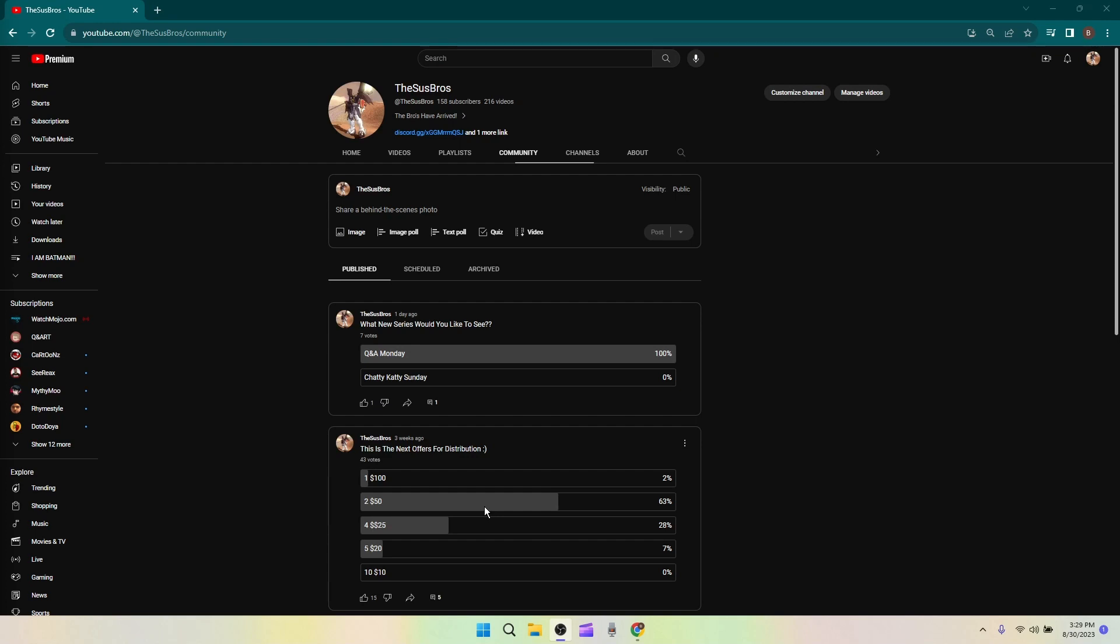First I want to talk about this right here. It looks like we got seven votes, a little bit more than that, but so far it looks like the new segment that you guys would like to see on the channel is Q&A Monday. We'll give that a little bit more time just to see if anybody else wants to vote.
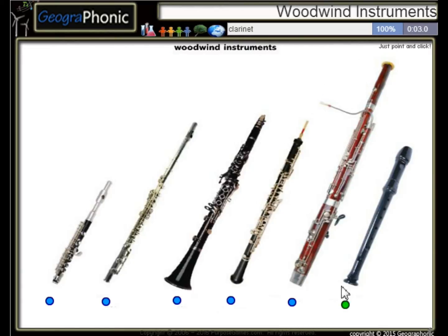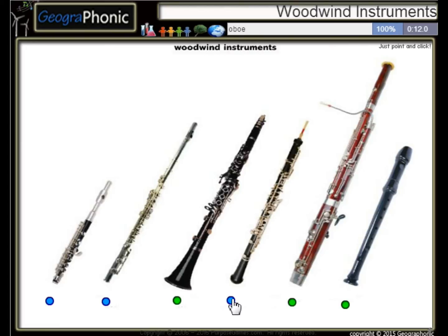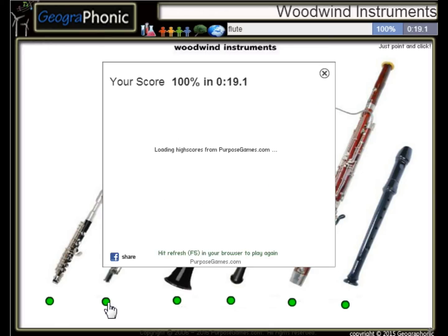A recorder. A clarinet. This is a bassoon. Here we see an oboe. A piccolo. And this one is a flute.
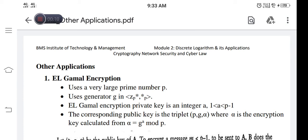Good morning students. Today we are going to continue with the module syllabus with respect to other applications — that is about ElGamal encryption. We have studied various encryption and decryption algorithms with the usage of various prime integer values and how they are going to compute the secret key between two parties. Let us now see ElGamal encryption and how this algorithm is efficient compared to other algorithms.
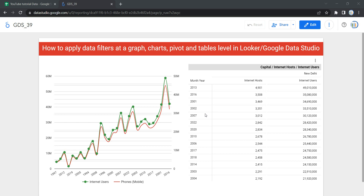Hey everyone, welcome to Data Millennials. I'm Attul, and in this video we are going to see how we can add data filtration in our Looker dashboard and reflect data based on our data selection via filtration in setup. This filtration in the setup section helps you to select single or multiple values and reflect data based on your requirement at a particular visualization level of your dashboard.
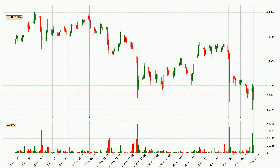Looking at the hourly time frame for Litecoin, the price rapidly went down around 12.0% in the last 24 hours, with a current price of 68.3. We can see that the sellers are taking over because the volume was high, showing that this move was strong.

====

__EXERCISE__. Give the lines exactly, from the first line of the entries to the line with "Hey everyone, welcome", both ends included. Skip the pictures.

__ANSWER FOR THE TASK__.
First I want to talk about this right here. It looks like we got seven votes, a little bit more than that, but so far it looks like the new segment that you guys would like to see on the channel is Q&A Monday. We'll give that a little bit more time just to see if anybody else wants to vote.
A recorder. A clarinet. This is a bassoon. Here we see an oboe. A piccolo. And this one is a flute.
Good morning students. Today we are going to continue with the module syllabus with respect to other applications — that is about ElGamal encryption. We have studied various encryption and decryption algorithms with the usage of various prime integer values and how they are going to compute the secret key between two parties. Let us now see ElGamal encryption and how this algorithm is efficient compared to other algorithms.
Hey everyone, welcome to Data Millennials. I'm Attul, and in this video we are going to see how we can add data filtration in our Looker dashboard and reflect data based on our data selection via filtration in setup. This filtration in the setup section helps you to select single or multiple values and reflect data based on your requirement at a particular visualization level of your dashboard.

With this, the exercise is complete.